START LISTED ENTRIES
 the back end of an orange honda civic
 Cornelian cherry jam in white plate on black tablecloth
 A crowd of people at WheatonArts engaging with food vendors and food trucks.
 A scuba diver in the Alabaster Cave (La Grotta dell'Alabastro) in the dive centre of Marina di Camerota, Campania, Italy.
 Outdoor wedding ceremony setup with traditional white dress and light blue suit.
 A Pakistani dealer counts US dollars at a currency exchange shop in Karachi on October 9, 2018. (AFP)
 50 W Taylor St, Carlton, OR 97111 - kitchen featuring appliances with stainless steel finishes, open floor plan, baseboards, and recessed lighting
END LISTED ENTRIES
START LISTED ENTRIES
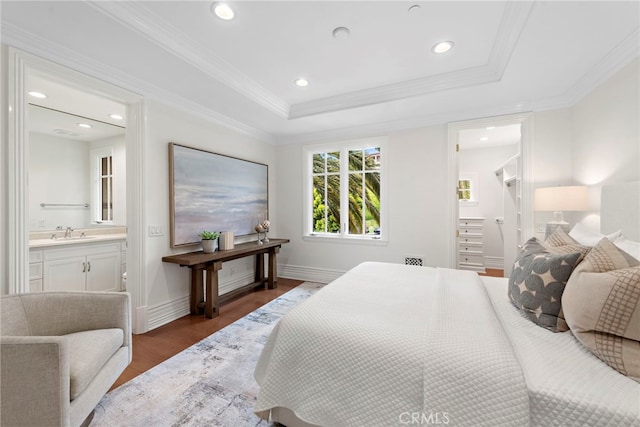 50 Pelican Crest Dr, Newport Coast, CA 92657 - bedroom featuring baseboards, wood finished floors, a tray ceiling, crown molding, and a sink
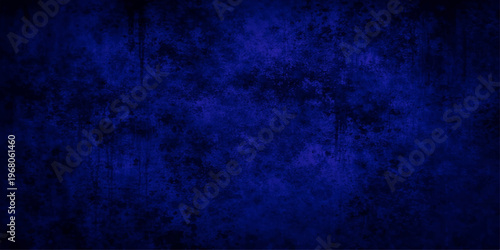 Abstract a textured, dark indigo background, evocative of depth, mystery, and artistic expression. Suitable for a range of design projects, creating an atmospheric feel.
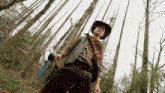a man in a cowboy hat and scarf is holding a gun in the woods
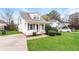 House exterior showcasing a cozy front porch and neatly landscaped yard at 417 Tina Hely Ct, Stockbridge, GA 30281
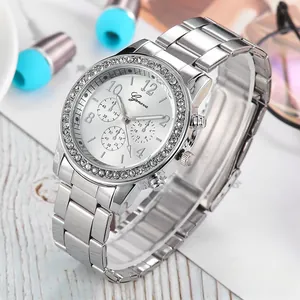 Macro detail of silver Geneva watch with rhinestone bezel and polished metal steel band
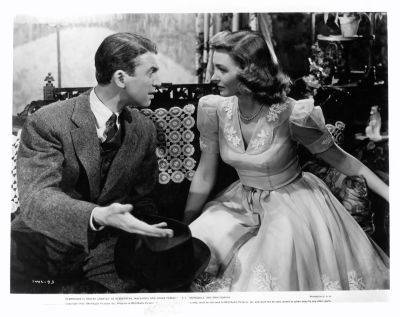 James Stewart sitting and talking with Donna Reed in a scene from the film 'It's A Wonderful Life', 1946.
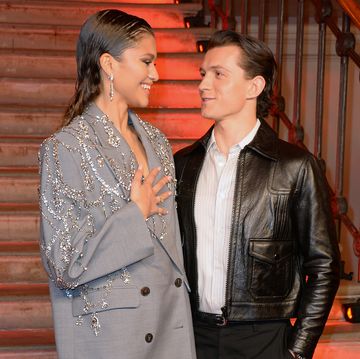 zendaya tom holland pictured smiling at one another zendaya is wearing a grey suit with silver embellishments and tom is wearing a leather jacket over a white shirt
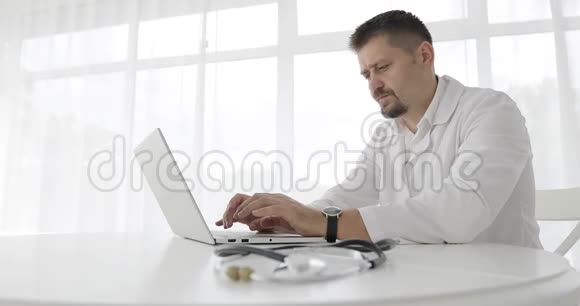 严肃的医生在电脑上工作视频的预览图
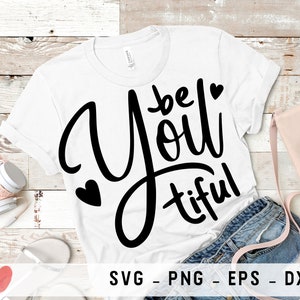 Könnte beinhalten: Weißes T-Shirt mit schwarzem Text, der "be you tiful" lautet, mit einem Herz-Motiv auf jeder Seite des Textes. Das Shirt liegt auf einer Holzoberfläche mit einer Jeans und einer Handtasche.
END LISTED ENTRIES
__WHAT TO WORK ON__:
Pictures aside, print exactly the lines above starting with the one containing "50 Pelican Crest" and going on through the one containing "Abstract a textured, dark".

__ANSWER SPACE__:
 50 Pelican Crest Dr, Newport Coast, CA 92657 - bedroom featuring baseboards, wood finished floors, a tray ceiling, crown molding, and a sink
 Abstract a textured, dark indigo background, evocative of depth, mystery, and artistic expression. Suitable for a range of design projects, creating an atmospheric feel.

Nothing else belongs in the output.